From the data below, repeat exactly the lines from the line with "Logitech Zone Learn" to the line with "El 'Tucu' Pereyra", both included.

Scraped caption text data
· · · ·

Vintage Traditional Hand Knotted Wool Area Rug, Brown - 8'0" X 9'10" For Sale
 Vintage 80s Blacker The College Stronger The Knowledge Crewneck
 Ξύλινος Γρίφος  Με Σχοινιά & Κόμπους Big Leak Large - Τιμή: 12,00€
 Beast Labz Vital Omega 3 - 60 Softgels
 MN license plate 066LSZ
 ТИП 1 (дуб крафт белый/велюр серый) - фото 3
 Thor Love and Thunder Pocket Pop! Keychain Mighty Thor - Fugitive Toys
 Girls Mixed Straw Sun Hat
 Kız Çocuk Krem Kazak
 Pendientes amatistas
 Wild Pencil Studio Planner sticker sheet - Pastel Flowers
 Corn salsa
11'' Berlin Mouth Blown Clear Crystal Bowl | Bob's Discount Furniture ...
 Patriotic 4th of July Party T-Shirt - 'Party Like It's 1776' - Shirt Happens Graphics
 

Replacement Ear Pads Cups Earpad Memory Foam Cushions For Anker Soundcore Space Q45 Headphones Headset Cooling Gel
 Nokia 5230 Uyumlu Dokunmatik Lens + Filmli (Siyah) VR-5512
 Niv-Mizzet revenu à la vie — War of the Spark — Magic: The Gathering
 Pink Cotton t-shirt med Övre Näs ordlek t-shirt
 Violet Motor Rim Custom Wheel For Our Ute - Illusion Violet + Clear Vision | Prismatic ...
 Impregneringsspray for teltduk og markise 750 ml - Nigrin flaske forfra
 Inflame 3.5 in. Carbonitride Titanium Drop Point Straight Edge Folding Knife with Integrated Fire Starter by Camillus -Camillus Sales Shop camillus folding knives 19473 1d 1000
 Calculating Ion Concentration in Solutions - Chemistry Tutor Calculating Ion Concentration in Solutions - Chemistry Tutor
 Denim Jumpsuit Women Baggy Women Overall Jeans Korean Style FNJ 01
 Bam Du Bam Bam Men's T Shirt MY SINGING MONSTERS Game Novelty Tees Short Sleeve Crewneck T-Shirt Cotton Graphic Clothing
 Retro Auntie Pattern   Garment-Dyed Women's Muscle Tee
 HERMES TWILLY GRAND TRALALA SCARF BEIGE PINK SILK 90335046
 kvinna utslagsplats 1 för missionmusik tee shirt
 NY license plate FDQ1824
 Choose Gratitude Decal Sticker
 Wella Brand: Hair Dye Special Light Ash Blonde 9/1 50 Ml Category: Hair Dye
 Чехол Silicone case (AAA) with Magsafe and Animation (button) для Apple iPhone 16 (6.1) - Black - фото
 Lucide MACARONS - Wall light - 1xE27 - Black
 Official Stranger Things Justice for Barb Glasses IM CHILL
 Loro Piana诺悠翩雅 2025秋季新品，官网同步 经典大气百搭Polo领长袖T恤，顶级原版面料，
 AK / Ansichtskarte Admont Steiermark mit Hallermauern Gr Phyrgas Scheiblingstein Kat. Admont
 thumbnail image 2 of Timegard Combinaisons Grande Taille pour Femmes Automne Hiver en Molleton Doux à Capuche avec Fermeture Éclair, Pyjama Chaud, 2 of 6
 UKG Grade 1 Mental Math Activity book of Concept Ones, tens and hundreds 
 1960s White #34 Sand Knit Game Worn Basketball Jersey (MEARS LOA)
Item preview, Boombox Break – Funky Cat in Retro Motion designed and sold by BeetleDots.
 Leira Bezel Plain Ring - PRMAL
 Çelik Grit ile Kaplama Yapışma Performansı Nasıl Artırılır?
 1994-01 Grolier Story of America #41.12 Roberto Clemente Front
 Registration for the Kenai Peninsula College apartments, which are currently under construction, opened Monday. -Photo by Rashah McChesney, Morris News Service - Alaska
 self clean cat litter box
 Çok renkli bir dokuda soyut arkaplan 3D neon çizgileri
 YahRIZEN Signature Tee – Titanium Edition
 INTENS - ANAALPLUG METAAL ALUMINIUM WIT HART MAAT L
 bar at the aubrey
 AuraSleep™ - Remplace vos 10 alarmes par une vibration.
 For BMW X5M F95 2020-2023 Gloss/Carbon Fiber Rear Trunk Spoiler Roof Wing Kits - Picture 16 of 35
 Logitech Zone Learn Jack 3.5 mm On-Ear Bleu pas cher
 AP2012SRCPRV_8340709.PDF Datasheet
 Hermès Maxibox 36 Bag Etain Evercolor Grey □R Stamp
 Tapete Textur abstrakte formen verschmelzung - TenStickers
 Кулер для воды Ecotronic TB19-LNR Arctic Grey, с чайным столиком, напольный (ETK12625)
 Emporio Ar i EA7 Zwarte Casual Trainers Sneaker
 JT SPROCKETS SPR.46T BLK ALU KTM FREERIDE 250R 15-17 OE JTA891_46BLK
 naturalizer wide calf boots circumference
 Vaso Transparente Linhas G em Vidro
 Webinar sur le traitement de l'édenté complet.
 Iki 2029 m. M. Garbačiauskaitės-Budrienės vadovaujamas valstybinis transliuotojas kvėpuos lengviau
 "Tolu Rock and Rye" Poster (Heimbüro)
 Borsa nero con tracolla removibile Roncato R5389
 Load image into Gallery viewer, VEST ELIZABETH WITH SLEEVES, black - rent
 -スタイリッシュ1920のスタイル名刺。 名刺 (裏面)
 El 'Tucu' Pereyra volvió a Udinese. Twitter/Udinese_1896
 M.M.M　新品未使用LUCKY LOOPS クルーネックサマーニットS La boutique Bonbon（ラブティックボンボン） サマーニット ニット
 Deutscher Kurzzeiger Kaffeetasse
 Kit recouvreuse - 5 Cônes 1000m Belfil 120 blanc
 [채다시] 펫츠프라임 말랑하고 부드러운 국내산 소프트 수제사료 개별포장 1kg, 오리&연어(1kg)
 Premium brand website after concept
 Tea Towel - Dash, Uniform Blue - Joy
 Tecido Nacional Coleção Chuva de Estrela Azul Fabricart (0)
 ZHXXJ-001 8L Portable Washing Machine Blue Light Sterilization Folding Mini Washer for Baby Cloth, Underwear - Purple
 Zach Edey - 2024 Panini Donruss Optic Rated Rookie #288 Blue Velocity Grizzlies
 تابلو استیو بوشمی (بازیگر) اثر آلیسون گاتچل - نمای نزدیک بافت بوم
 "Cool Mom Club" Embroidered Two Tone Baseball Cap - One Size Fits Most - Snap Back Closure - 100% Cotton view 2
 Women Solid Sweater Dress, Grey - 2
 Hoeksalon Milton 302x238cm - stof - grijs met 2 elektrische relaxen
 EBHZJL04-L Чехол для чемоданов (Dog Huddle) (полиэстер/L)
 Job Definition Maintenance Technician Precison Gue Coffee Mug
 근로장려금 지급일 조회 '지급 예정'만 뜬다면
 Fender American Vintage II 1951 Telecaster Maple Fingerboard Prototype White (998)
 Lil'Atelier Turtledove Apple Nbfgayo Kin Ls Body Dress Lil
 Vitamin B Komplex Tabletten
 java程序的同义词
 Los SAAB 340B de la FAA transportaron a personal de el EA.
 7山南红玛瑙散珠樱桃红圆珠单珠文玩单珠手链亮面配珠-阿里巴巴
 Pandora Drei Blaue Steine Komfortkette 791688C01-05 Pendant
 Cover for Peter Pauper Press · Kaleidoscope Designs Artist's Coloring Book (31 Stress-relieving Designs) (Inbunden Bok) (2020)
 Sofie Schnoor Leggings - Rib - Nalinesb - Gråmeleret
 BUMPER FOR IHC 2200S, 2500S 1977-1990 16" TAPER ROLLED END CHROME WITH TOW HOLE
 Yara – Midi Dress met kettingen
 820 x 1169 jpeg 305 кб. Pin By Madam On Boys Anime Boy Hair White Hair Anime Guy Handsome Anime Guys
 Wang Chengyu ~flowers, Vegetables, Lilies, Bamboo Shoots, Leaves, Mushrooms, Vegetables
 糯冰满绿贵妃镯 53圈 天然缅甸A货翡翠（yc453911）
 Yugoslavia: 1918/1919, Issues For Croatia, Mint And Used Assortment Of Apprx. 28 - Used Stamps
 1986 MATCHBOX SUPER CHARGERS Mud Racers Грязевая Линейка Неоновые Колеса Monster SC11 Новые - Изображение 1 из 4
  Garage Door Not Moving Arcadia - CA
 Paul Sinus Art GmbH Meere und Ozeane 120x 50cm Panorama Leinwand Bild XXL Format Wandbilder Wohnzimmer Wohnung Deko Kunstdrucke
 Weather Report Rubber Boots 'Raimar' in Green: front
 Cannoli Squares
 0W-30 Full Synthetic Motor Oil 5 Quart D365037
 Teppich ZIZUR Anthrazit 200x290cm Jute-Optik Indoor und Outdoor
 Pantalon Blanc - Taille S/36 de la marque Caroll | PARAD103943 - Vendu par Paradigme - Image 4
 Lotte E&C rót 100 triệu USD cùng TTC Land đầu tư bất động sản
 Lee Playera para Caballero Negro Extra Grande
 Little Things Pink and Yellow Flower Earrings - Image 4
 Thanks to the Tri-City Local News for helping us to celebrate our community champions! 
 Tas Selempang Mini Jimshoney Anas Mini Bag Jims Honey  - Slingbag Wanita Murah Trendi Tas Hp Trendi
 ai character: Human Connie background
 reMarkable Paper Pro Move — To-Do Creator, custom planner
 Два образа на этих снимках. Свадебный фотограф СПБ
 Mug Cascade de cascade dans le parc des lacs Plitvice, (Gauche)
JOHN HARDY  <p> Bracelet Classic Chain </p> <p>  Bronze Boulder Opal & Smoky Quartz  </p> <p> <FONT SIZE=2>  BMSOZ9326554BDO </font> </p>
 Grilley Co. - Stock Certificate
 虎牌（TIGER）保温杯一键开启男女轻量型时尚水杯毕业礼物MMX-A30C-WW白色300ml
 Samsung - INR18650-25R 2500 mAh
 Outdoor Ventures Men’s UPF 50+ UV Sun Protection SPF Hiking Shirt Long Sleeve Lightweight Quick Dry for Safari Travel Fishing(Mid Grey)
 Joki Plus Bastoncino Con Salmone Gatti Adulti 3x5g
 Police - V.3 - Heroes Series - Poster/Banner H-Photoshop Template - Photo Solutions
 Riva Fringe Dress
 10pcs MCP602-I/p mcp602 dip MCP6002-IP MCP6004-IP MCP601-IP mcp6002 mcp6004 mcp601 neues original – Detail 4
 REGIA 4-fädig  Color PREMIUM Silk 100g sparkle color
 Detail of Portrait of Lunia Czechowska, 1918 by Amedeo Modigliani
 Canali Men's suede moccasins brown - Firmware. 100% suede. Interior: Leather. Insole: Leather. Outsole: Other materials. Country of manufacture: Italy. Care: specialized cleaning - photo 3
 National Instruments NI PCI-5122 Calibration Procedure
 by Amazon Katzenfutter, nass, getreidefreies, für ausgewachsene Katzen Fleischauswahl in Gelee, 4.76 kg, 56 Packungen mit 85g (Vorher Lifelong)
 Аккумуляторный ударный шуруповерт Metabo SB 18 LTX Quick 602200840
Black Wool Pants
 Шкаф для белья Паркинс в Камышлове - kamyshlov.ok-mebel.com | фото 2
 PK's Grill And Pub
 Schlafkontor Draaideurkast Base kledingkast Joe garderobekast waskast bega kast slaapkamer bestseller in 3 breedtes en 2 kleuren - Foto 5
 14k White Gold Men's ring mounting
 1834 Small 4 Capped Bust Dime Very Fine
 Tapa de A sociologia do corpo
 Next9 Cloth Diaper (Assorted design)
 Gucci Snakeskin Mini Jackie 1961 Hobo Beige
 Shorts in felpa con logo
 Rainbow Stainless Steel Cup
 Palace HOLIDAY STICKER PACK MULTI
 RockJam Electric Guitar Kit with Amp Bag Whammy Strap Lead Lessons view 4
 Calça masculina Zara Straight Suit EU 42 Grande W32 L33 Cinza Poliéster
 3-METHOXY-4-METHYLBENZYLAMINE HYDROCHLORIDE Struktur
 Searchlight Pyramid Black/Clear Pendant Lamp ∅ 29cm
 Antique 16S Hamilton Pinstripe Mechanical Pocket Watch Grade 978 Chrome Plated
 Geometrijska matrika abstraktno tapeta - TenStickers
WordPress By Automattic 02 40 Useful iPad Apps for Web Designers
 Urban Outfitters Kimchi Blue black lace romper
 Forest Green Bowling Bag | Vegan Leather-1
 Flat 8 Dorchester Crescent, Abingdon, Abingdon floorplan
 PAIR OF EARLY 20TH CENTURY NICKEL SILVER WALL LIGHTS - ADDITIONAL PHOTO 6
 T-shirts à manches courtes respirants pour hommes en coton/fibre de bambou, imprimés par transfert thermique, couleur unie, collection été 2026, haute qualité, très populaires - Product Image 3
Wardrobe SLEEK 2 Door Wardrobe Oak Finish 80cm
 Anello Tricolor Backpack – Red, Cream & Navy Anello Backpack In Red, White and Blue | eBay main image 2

· · · ·

▸ Written answer
 Logitech Zone Learn Jack 3.5 mm On-Ear Bleu pas cher
 AP2012SRCPRV_8340709.PDF Datasheet
 Hermès Maxibox 36 Bag Etain Evercolor Grey □R Stamp
 Tapete Textur abstrakte formen verschmelzung - TenStickers
 Кулер для воды Ecotronic TB19-LNR Arctic Grey, с чайным столиком, напольный (ETK12625)
 Emporio Ar i EA7 Zwarte Casual Trainers Sneaker
 JT SPROCKETS SPR.46T BLK ALU KTM FREERIDE 250R 15-17 OE JTA891_46BLK
 naturalizer wide calf boots circumference
 Vaso Transparente Linhas G em Vidro
 Webinar sur le traitement de l'édenté complet.
 Iki 2029 m. M. Garbačiauskaitės-Budrienės vadovaujamas valstybinis transliuotojas kvėpuos lengviau
 "Tolu Rock and Rye" Poster (Heimbüro)
 Borsa nero con tracolla removibile Roncato R5389
 Load image into Gallery viewer, VEST ELIZABETH WITH SLEEVES, black - rent
 -スタイリッシュ1920のスタイル名刺。 名刺 (裏面)
 El 'Tucu' Pereyra volvió a Udinese. Twitter/Udinese_1896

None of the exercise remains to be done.